Stored records
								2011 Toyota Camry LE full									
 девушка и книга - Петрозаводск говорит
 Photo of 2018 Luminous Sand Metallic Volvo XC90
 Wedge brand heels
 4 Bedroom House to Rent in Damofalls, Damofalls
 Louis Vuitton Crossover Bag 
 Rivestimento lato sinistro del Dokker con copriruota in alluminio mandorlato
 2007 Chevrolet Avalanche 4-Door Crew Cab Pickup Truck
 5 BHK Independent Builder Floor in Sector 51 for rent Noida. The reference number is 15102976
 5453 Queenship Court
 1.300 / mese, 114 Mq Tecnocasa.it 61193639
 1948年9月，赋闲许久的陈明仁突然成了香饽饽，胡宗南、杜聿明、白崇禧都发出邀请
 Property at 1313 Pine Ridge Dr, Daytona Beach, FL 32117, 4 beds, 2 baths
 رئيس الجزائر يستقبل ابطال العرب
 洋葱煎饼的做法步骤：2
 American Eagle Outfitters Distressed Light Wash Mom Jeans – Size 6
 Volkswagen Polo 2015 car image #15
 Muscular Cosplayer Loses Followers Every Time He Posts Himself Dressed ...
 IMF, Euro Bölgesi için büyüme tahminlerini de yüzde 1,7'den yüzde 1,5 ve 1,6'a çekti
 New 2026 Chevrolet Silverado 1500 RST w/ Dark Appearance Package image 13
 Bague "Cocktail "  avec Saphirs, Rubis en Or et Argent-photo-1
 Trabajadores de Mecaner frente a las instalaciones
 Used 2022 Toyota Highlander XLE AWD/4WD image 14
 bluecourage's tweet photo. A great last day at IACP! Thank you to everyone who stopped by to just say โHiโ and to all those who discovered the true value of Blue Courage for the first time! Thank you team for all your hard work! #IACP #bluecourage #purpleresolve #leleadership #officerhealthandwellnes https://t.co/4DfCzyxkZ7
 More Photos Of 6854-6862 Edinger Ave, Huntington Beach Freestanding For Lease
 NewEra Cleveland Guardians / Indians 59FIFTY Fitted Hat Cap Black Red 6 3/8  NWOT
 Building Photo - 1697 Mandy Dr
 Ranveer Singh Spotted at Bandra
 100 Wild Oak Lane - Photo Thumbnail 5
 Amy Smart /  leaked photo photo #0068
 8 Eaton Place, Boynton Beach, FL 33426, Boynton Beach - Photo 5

### [WHAT IS EXPECTED]
What is needed is a word-for-word copy of the records above, from the first line through the line that contains "Muscular Cosplayer Loses".

### [REPLY TO THE TASK]
								2011 Toyota Camry LE full									
 девушка и книга - Петрозаводск говорит
 Photo of 2018 Luminous Sand Metallic Volvo XC90
 Wedge brand heels
 4 Bedroom House to Rent in Damofalls, Damofalls
 Louis Vuitton Crossover Bag 
 Rivestimento lato sinistro del Dokker con copriruota in alluminio mandorlato
 2007 Chevrolet Avalanche 4-Door Crew Cab Pickup Truck
 5 BHK Independent Builder Floor in Sector 51 for rent Noida. The reference number is 15102976
 5453 Queenship Court
 1.300 / mese, 114 Mq Tecnocasa.it 61193639
 1948年9月，赋闲许久的陈明仁突然成了香饽饽，胡宗南、杜聿明、白崇禧都发出邀请
 Property at 1313 Pine Ridge Dr, Daytona Beach, FL 32117, 4 beds, 2 baths
 رئيس الجزائر يستقبل ابطال العرب
 洋葱煎饼的做法步骤：2
 American Eagle Outfitters Distressed Light Wash Mom Jeans – Size 6
 Volkswagen Polo 2015 car image #15
 Muscular Cosplayer Loses Followers Every Time He Posts Himself Dressed ...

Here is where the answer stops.